▶ _Records for the task_
⁂

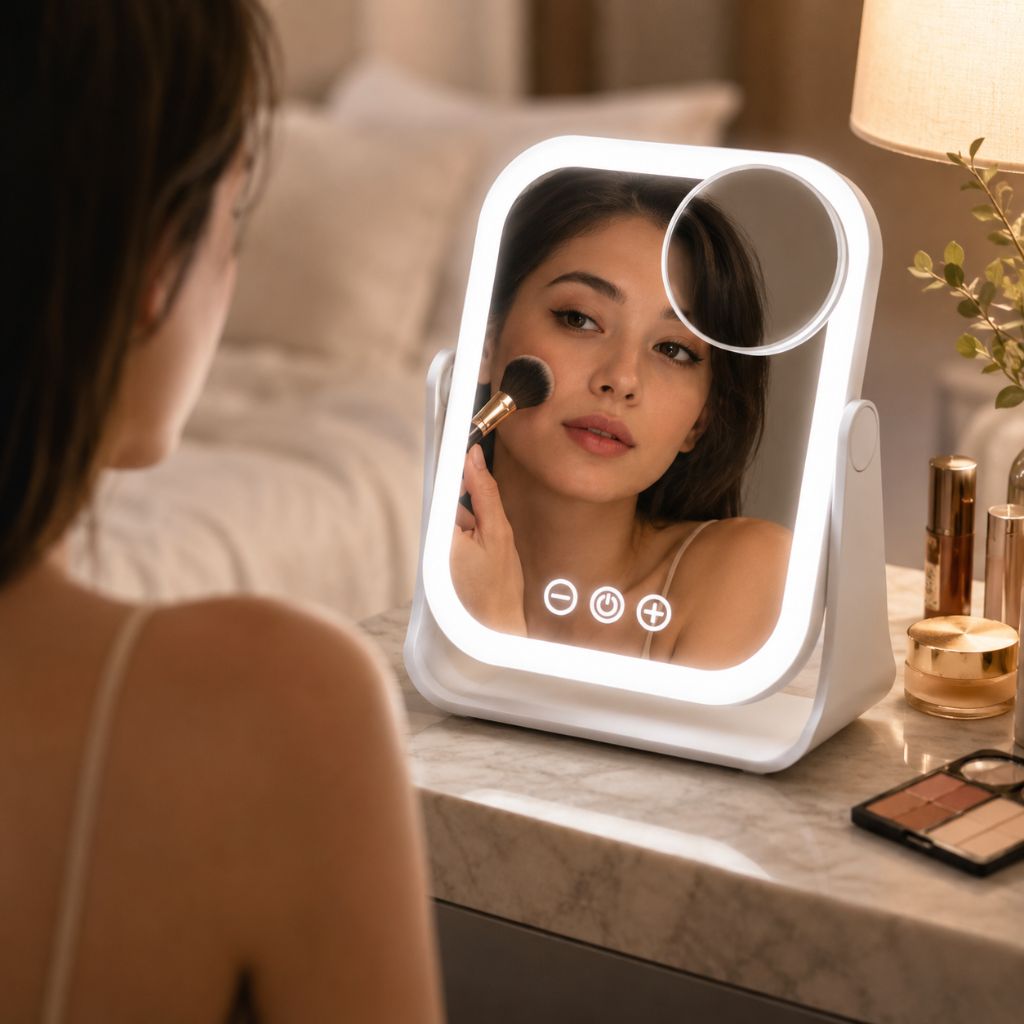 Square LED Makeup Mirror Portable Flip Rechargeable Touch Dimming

⁂

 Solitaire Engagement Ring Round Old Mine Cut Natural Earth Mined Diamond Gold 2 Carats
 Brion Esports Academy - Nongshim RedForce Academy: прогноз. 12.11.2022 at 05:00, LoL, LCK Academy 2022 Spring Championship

⁂

▶ _Task brief_
Please give again the lines above between the line holding "Solitaire Engagement Ring" and the line holding "Brion Esports Academy", inclusive, exactly as they are and with nothing added.

▶ _Expected answer_
 Solitaire Engagement Ring Round Old Mine Cut Natural Earth Mined Diamond Gold 2 Carats
 Brion Esports Academy - Nongshim RedForce Academy: прогноз. 12.11.2022 at 05:00, LoL, LCK Academy 2022 Spring Championship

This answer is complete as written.